Pflanzenkohle: Klimapositive Energie mit CO₂-Speicherung

Energie erzeugen, CO2 binden und gleichzeitig die Böden verbessern? Das verspricht Pyrolyse, die Herstellung von Pflanzenkohle. Es klingt fast zu gut, um wahr zu sein – doch der Blick aufs Detail zeigt: Fernwärme aus Pflanzenkohle ist tatsächlich klimapositive Energie und demnächst in Basel sogar regulär zu beziehen. Und für manche ist das Zweitprodukt sowieso das Wichtigste.

8 Min.
Kohlehäufchen, dahinter getrocknete Pflanzenschnitzel

Was ist Pyrolyse überhaupt?

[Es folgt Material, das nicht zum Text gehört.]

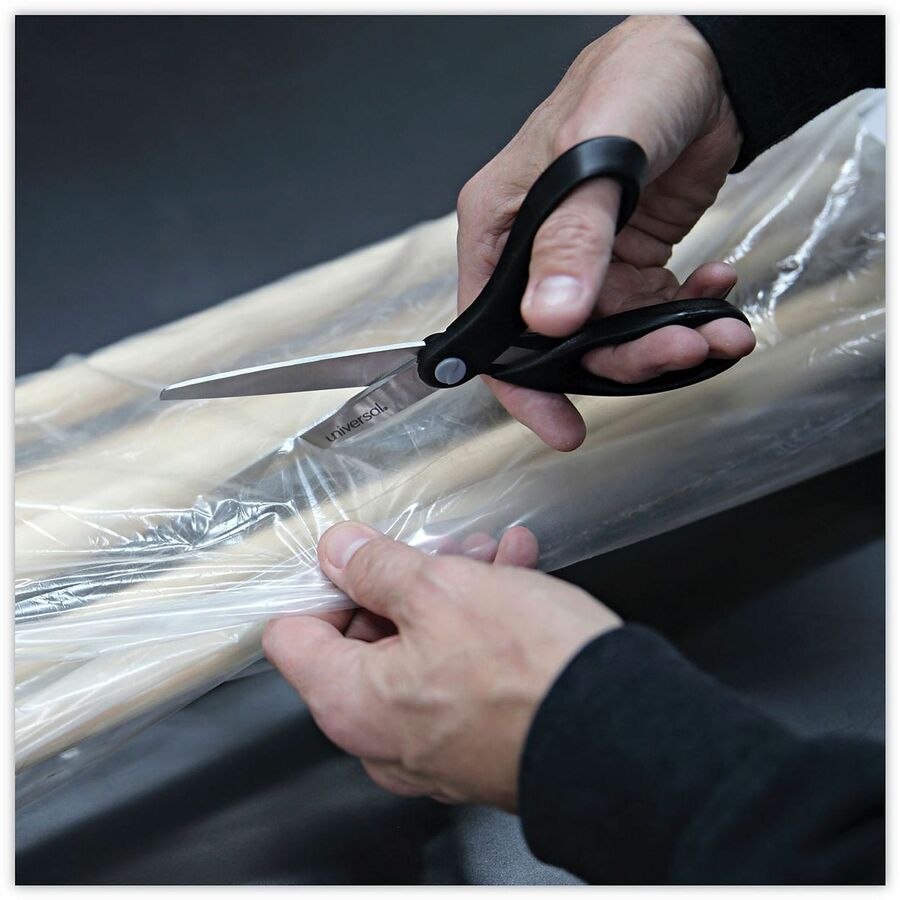 Universal Scissors - 3.75" Cutting Length - 8" Overall Length - Straight-left/right - Stainless Steel - Pointed Tip - Stainless Steel, Black - 1 Each
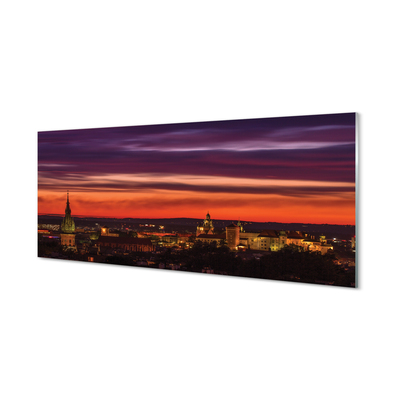 Print på glas Kraków Panorama nat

Pyrolyse bezeichnet den Umwandlungsprozess von organischem Material wie Holz und Pflanzenresten bei hohen Temperaturen ohne Sauerstoff. Der Prozess benötigt anfangs Energiezufuhr, hat aber auch einen Temperaturbereich, in dem Energie frei wird. Diese Überschusswärme grösserer Anlagen kann in ein Fernwärmenetz eingespeist werden. Je nach Rohstoff und Prozesssteuerung fallen Gase, Pyrolyseöl und ein festes Restprodukt wie Pflanzenkohle an. Pflanzenkohle als Bodenverbesserer, als Terra Preta, ist schon von den alten Kulturen am Amazonas bekannt.

Klimapositive Kohle?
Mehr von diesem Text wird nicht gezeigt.